After hours of this, you've maybe improved accuracy by 5%. And you have no idea if that improvement will hold on new data.
This is the prompt engineering treadmill. DSPy's optimizers are designed to get you off it.
What DSPy Optimizers Actually Do
Every DSPy optimizer answers the same question: "Given my task and some training data, what should my prompt look like?"
But they attack it from three different angles:
| Approach | What Gets Optimized | Optimizers |
|---|---|---|
| Few-shot demos | "What examples should I show?" | LabeledFewShot, BootstrapFewShot, BootstrapFewShotWithRandomSearch, KNNFewShot |
| Instructions | "How should I describe the task?" | COPRO, MIPROv2, GEPA |
| Model weights | "Can I bake this into the model itself?" | BootstrapFinetune |
Quick Reference: When to Use What
Before diving deep, here's the practical cheat sheet:
Few-Shot Demo Optimizers
- LabeledFewShot - Simply grabs k random examples from training data. No validation, no magic.
- BootstrapFewShot - The search algorithm goes through every training input in the trainset, gets a prediction and then checks whether it "passes" the metric. If it passes, the examples are added to the compiled program. It captures full traces including intermediate reasoning.
- BootstrapFewShotWithRandomSearch - This creates many candidate programs by shuffling the training set and picking the best one. It tries different numbers of bootstrapped samples and evaluates each on the validation set.
- KNNFewShot - Uses an in-memory KNN retriever to find the k nearest neighbors at test time. For each input, it identifies the most similar examples and attaches them as demonstrations.
Instruction Optimizers
- COPRO - Uses coordinate ascent (hill-climbing) to optimize instructions. It generates multiple alternative instructions, evaluates them using your metric, and iteratively selects the best-performing ones.
- MIPROv2 - Works in three stages: 1) Bootstrap few-shot examples. 2) Propose instruction candidates. 3) Find an optimized combination of both using Bayesian Optimization.

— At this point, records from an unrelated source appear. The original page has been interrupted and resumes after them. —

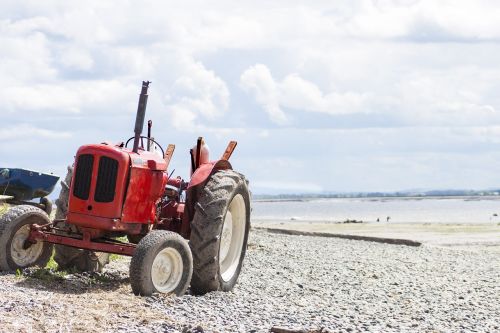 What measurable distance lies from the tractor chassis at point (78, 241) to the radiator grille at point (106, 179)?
50cm

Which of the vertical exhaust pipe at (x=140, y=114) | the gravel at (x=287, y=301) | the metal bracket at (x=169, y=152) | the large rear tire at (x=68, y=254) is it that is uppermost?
the vertical exhaust pipe at (x=140, y=114)

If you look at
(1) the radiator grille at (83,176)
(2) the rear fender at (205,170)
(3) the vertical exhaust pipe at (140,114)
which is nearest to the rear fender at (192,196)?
(2) the rear fender at (205,170)

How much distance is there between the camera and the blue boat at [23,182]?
69.6ft

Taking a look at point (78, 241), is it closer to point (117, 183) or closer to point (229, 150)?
point (117, 183)

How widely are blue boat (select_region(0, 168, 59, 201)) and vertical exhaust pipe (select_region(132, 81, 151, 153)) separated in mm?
11014

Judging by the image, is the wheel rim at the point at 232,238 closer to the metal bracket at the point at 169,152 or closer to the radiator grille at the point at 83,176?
the metal bracket at the point at 169,152

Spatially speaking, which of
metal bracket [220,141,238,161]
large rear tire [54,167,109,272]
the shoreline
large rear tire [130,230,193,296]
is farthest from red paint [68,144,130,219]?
the shoreline

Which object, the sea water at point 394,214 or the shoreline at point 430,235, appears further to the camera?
the sea water at point 394,214

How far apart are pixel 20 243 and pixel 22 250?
98 millimetres

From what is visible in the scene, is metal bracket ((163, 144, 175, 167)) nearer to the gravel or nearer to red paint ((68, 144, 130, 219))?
red paint ((68, 144, 130, 219))

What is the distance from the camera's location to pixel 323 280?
14.0 m

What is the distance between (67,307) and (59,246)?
2.98 metres

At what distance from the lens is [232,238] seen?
12.1 meters

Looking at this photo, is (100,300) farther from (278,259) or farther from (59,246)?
(278,259) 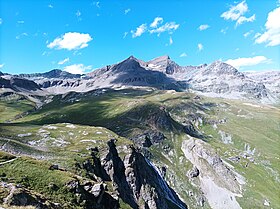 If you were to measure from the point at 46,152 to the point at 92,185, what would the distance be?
1872 inches

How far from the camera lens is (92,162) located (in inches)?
4373

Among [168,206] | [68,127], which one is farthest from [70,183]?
[168,206]

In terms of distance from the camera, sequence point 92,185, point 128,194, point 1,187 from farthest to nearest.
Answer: point 128,194
point 92,185
point 1,187

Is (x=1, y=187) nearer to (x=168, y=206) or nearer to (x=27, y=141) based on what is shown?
(x=27, y=141)

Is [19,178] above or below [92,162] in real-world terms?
above

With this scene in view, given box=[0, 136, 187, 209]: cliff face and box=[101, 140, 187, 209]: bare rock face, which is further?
box=[101, 140, 187, 209]: bare rock face

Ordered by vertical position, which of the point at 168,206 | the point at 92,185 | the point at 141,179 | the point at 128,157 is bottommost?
the point at 168,206

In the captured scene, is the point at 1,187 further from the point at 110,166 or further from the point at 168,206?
the point at 168,206

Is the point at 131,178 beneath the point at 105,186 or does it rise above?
beneath

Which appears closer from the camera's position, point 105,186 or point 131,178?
point 105,186

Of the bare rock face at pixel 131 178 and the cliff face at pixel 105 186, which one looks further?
the bare rock face at pixel 131 178

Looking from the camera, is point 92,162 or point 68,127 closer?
point 92,162

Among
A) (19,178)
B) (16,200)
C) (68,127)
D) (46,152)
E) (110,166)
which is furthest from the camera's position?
(68,127)

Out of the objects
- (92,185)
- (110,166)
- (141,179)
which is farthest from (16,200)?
(141,179) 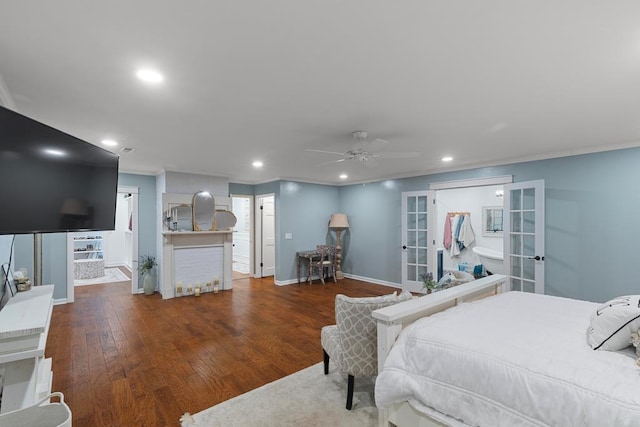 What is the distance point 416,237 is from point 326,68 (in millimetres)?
4650

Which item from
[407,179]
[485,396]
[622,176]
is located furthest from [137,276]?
[622,176]

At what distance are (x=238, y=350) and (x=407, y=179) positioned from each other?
4.49 m

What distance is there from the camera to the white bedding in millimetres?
1207

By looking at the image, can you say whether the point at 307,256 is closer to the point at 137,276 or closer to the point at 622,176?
the point at 137,276

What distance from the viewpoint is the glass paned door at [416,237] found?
224 inches

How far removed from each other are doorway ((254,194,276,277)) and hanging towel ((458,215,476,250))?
461 cm

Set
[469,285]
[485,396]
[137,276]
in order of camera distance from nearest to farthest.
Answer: [485,396] < [469,285] < [137,276]

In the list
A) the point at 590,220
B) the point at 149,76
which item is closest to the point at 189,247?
the point at 149,76

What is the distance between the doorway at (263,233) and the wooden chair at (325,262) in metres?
1.27

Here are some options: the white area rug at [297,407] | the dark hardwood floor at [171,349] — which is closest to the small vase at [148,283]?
the dark hardwood floor at [171,349]

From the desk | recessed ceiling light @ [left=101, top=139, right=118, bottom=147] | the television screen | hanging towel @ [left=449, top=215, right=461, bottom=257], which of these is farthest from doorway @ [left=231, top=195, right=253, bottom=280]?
the television screen

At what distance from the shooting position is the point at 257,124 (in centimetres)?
294

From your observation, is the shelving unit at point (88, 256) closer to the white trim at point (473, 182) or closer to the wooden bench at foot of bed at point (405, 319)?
the wooden bench at foot of bed at point (405, 319)

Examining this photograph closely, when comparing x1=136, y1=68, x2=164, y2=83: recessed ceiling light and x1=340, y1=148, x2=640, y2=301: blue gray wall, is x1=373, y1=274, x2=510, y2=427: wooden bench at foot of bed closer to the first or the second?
x1=136, y1=68, x2=164, y2=83: recessed ceiling light
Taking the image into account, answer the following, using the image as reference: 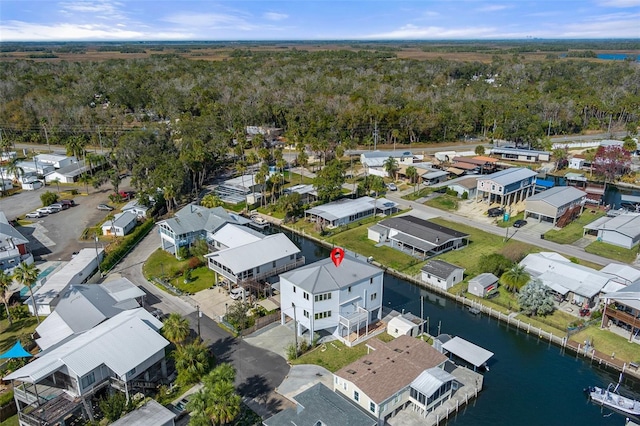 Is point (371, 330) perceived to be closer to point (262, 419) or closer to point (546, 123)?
point (262, 419)

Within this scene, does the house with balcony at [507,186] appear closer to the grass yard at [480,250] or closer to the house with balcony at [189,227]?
the grass yard at [480,250]

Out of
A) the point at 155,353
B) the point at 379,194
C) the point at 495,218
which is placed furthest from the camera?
the point at 379,194

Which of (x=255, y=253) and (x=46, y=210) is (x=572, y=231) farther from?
(x=46, y=210)

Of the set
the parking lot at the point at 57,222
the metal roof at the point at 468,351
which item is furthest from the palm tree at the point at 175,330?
the parking lot at the point at 57,222

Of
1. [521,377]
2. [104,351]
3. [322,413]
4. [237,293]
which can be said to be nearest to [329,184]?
[237,293]

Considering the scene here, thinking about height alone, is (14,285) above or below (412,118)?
below

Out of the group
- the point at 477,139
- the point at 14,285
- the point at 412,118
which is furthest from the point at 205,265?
the point at 477,139

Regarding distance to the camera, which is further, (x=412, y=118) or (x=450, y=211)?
(x=412, y=118)

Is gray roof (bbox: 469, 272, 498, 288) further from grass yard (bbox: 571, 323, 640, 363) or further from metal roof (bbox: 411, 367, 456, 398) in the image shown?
metal roof (bbox: 411, 367, 456, 398) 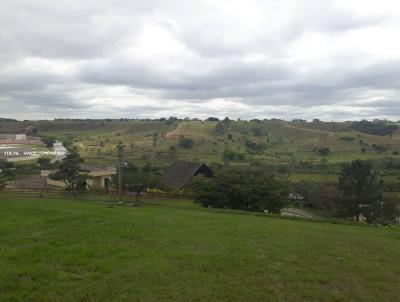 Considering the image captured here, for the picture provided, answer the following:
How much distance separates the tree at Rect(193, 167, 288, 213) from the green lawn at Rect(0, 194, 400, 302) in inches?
759

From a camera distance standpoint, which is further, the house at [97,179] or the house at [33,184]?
the house at [97,179]

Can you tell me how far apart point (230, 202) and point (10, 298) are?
1141 inches

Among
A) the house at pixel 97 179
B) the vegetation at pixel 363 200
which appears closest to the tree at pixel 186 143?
the house at pixel 97 179

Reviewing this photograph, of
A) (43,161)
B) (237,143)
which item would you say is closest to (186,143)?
(237,143)

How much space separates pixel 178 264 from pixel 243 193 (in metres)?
25.3

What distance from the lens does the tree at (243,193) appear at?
35.3 meters

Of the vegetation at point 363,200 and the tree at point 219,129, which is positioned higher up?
the tree at point 219,129

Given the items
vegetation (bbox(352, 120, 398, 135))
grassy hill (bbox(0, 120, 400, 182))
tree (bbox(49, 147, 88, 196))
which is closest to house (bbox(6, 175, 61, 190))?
tree (bbox(49, 147, 88, 196))

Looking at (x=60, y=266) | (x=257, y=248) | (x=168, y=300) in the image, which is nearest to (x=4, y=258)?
(x=60, y=266)

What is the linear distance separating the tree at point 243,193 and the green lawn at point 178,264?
759 inches

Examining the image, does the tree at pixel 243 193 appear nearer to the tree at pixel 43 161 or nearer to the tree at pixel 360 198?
the tree at pixel 360 198

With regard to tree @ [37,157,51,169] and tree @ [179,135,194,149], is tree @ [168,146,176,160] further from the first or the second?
tree @ [37,157,51,169]

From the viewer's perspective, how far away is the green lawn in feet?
27.2

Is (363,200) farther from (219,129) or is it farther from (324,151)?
(219,129) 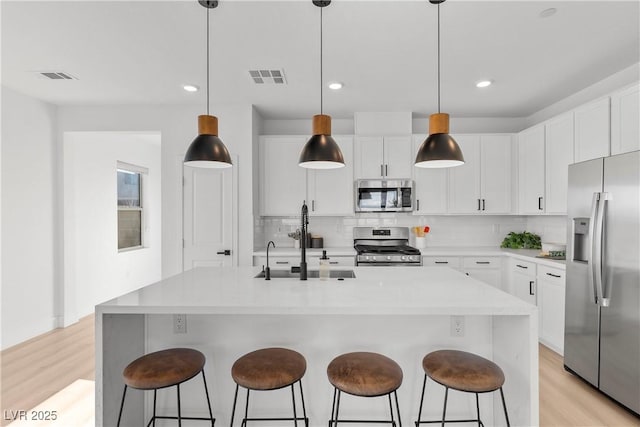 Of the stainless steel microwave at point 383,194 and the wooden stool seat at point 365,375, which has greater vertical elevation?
the stainless steel microwave at point 383,194

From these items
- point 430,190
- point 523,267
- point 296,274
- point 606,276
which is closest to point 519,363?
point 606,276

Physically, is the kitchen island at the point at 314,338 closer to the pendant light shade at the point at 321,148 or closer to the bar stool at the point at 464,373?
the bar stool at the point at 464,373

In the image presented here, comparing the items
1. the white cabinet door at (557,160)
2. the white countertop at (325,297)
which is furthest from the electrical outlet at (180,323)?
the white cabinet door at (557,160)

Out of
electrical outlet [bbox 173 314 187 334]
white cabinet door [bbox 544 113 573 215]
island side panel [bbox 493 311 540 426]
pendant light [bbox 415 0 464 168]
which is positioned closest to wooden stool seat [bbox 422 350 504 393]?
island side panel [bbox 493 311 540 426]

- GEPA — Reflective evolution using natural language feedback. Analyzes WHY things failed, not just THAT they failed. Use when you need sample-efficient optimization or have rich feedback signals.
Weight Optimizer
- BootstrapFinetune - A weight-optimizing variant that invokes a teacher program to produce reasoning, then uses those traces to fine-tune a student program.
1. LabeledFewShot
Optimizes: Few-shot Demonstrations Complexity: Simple Best For: Quick baseline, any data size
The Idea
LabeledFewShot is the simplest optimizer—it just grabs examples directly from your training data and prepends them to prompts.
Step-by-Step
- Initialize: Specify
k(number of examples to include in each prompt) - Random Selection: Randomly select
kexamples from yourtrainset - Format Examples: Convert selected examples into the format expected by your module's signature
- Prepend to Prompt: These examples are prepended to every prompt sent to the LM
Key Characteristics:
- No validation—examples are used as-is
- Examples are "raw" (no intermediate reasoning steps)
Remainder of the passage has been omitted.